> TASK GOAL
From the entries below, output the line with "V Legend Max" and each following line up to and including the line with "GAIA Earrings | Gold", exactly as written.

(DATA RECORDS begins)

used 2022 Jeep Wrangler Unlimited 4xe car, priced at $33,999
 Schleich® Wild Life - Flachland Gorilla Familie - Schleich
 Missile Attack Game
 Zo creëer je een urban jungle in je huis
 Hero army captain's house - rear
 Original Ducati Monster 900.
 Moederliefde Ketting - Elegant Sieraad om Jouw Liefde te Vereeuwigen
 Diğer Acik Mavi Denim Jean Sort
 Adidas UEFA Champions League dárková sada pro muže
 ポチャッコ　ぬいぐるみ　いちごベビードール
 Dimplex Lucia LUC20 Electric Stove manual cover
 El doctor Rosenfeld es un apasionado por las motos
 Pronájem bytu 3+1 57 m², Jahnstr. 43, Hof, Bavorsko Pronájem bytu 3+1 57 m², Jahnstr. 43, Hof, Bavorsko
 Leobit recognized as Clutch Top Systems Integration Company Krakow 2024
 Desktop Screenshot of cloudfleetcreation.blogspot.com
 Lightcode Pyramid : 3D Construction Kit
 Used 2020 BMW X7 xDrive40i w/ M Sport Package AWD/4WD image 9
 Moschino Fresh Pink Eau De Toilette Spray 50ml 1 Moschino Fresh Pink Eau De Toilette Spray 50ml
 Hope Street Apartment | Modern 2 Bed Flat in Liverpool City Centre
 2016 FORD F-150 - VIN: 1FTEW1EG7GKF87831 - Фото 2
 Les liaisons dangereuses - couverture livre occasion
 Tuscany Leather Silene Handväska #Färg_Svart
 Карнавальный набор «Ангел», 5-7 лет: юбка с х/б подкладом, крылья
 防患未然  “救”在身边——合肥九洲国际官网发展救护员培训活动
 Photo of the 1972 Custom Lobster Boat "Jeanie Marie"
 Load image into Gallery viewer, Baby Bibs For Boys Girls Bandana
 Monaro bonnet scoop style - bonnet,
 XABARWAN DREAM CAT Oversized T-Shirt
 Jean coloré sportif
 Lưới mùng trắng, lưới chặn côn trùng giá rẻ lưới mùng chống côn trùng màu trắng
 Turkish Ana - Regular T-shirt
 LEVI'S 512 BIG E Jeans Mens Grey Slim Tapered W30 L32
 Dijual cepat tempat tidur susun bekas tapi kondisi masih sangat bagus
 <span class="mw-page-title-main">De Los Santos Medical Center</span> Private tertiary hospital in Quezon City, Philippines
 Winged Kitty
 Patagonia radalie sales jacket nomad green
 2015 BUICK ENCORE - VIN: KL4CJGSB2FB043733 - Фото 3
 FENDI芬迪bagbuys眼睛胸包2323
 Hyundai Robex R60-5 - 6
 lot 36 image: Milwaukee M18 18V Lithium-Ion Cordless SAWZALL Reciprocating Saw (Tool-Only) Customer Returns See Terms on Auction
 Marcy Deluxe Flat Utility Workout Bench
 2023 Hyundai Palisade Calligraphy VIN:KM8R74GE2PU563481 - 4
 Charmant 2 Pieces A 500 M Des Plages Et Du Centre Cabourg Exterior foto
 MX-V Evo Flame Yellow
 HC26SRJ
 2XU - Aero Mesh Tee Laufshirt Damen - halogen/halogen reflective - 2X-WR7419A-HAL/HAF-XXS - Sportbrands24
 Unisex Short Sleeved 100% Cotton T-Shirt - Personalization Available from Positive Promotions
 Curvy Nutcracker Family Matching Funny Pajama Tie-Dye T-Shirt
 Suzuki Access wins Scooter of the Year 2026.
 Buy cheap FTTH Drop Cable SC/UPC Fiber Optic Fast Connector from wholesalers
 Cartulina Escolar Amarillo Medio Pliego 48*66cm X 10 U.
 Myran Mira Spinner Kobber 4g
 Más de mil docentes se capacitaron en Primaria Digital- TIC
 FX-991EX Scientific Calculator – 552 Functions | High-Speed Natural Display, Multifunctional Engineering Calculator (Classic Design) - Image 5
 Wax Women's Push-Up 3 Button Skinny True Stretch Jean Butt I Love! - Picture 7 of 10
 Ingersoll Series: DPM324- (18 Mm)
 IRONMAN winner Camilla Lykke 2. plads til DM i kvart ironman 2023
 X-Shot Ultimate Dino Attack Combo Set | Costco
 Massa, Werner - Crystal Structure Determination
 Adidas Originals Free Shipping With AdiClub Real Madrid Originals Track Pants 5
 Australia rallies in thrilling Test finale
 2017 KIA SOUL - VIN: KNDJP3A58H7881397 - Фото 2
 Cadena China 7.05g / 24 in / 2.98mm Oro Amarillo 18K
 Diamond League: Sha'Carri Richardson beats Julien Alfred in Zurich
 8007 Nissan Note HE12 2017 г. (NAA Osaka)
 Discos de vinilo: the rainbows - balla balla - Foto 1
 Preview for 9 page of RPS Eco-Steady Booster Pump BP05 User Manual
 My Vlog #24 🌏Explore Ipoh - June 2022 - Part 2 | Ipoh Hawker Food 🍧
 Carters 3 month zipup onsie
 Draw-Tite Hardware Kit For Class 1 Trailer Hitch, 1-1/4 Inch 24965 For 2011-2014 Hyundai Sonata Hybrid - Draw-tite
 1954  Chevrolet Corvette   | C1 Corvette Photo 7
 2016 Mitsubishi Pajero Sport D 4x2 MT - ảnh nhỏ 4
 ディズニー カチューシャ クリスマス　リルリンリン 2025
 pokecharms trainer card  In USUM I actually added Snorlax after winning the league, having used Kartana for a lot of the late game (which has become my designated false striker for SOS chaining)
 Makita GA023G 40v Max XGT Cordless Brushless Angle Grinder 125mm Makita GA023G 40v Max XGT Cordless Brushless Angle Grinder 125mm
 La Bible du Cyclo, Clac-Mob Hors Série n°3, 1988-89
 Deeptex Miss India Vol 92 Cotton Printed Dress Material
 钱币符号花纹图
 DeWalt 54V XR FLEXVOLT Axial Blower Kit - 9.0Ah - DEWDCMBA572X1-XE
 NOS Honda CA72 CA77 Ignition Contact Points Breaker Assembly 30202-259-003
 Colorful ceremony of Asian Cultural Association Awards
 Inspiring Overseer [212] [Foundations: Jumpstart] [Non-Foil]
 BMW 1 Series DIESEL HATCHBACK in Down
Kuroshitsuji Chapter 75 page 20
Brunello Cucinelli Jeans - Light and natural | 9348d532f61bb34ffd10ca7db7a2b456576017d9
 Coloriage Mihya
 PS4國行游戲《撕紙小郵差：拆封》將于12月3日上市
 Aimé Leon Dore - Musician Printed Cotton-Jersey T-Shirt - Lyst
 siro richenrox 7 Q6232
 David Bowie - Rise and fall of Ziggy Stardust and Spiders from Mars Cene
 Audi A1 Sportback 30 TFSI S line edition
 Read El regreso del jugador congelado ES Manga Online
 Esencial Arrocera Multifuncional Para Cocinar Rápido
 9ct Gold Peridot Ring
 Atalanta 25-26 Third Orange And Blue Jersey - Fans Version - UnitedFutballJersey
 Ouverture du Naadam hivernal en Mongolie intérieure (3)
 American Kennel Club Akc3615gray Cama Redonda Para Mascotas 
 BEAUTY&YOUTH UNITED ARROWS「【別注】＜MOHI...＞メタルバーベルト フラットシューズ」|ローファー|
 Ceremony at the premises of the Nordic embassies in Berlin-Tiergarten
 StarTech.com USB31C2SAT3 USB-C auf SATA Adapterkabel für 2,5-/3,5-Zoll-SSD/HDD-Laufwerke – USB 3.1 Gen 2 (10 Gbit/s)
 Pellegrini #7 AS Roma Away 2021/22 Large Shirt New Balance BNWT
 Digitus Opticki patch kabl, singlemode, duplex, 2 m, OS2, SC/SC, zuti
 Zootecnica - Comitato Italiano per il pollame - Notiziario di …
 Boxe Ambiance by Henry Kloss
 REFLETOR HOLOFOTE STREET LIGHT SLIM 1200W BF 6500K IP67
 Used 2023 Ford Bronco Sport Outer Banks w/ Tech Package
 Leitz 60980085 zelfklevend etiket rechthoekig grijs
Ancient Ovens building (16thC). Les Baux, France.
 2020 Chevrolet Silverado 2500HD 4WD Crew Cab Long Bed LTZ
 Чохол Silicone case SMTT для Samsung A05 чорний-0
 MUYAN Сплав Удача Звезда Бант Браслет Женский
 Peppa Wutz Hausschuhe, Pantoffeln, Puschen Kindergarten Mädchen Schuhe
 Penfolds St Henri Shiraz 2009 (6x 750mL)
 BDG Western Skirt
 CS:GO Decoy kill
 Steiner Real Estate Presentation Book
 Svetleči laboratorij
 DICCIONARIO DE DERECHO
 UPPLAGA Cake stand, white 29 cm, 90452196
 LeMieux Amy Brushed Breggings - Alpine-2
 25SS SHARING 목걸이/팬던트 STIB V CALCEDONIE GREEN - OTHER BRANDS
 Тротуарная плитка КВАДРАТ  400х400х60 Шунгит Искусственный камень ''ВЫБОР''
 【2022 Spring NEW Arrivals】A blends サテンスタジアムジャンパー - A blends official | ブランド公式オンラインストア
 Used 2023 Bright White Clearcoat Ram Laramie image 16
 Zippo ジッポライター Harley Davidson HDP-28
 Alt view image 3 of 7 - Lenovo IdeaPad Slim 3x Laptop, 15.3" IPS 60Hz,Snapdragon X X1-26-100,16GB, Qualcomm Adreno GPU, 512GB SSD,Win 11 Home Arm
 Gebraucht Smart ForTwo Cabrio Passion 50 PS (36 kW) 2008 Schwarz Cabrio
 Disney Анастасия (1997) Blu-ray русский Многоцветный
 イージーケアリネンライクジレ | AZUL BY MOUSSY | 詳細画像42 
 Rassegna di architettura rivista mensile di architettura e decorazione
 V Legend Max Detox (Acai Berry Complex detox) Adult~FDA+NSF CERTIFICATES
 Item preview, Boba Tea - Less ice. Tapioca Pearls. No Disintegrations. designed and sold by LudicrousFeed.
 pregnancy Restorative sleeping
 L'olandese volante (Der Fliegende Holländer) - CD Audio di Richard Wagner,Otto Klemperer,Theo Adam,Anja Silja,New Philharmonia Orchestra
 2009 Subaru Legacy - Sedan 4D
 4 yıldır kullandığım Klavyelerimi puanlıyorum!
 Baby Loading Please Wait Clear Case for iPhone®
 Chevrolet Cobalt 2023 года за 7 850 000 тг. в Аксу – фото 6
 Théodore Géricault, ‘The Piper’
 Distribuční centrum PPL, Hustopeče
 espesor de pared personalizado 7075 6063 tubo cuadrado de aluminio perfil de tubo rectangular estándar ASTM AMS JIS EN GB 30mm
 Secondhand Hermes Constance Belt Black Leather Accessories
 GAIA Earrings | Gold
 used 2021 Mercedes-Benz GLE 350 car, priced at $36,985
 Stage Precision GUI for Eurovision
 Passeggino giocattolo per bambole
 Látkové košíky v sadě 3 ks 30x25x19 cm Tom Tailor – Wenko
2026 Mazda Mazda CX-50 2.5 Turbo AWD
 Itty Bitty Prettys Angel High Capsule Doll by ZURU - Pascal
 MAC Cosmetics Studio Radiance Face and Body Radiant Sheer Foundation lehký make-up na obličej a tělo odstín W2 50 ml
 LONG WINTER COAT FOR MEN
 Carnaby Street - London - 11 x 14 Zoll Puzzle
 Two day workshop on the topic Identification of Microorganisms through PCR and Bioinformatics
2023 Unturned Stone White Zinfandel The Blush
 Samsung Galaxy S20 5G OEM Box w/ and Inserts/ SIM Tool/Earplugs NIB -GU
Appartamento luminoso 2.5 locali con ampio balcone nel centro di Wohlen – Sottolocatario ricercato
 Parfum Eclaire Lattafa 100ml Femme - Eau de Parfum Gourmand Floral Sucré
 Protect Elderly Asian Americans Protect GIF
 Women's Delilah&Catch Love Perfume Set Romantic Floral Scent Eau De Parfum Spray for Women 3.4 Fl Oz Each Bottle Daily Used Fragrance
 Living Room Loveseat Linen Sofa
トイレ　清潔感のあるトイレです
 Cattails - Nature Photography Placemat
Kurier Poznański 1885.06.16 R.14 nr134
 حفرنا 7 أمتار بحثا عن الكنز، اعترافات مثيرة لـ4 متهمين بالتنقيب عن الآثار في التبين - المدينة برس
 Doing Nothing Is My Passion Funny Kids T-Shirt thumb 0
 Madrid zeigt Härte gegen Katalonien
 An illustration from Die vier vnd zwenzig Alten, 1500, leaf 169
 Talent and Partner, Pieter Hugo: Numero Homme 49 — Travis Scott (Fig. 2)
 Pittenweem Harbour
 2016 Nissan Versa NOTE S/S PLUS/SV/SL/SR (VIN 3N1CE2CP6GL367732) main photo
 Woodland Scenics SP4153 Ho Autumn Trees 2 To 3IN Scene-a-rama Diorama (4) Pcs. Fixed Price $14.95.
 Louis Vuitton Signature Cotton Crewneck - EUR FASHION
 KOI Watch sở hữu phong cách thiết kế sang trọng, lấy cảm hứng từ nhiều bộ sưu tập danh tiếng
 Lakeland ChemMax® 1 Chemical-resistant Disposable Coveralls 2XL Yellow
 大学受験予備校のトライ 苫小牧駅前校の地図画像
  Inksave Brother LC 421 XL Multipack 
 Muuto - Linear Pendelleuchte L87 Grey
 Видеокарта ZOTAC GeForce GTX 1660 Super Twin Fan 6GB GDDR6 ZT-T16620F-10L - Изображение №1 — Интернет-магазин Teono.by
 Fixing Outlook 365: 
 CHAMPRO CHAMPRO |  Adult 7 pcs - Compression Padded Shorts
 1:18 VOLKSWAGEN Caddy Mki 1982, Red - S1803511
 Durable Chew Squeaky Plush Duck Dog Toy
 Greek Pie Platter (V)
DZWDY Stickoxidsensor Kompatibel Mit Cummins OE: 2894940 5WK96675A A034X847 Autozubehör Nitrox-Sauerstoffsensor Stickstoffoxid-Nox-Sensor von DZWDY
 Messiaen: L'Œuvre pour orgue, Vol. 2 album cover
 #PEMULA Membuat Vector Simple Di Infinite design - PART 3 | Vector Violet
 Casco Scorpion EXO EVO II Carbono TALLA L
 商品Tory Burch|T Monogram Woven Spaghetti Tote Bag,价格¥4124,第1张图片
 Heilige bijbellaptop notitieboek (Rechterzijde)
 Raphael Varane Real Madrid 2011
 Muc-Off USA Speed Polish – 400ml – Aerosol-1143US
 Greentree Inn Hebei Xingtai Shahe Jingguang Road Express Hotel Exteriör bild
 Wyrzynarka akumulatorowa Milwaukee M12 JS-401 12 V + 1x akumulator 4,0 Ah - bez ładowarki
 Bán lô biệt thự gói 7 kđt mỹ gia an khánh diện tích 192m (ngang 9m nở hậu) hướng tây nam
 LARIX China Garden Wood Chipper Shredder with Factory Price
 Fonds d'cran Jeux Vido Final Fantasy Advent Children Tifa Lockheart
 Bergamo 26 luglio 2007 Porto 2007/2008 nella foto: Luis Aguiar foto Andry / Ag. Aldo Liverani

(DATA RECORDS ends)

> RESULT OF THIS TASK
 V Legend Max Detox (Acai Berry Complex detox) Adult~FDA+NSF CERTIFICATES
 Item preview, Boba Tea - Less ice. Tapioca Pearls. No Disintegrations. designed and sold by LudicrousFeed.
 pregnancy Restorative sleeping
 L'olandese volante (Der Fliegende Holländer) - CD Audio di Richard Wagner,Otto Klemperer,Theo Adam,Anja Silja,New Philharmonia Orchestra
 2009 Subaru Legacy - Sedan 4D
 4 yıldır kullandığım Klavyelerimi puanlıyorum!
 Baby Loading Please Wait Clear Case for iPhone®
 Chevrolet Cobalt 2023 года за 7 850 000 тг. в Аксу – фото 6
 Théodore Géricault, ‘The Piper’
 Distribuční centrum PPL, Hustopeče
 espesor de pared personalizado 7075 6063 tubo cuadrado de aluminio perfil de tubo rectangular estándar ASTM AMS JIS EN GB 30mm
 Secondhand Hermes Constance Belt Black Leather Accessories
 GAIA Earrings | Gold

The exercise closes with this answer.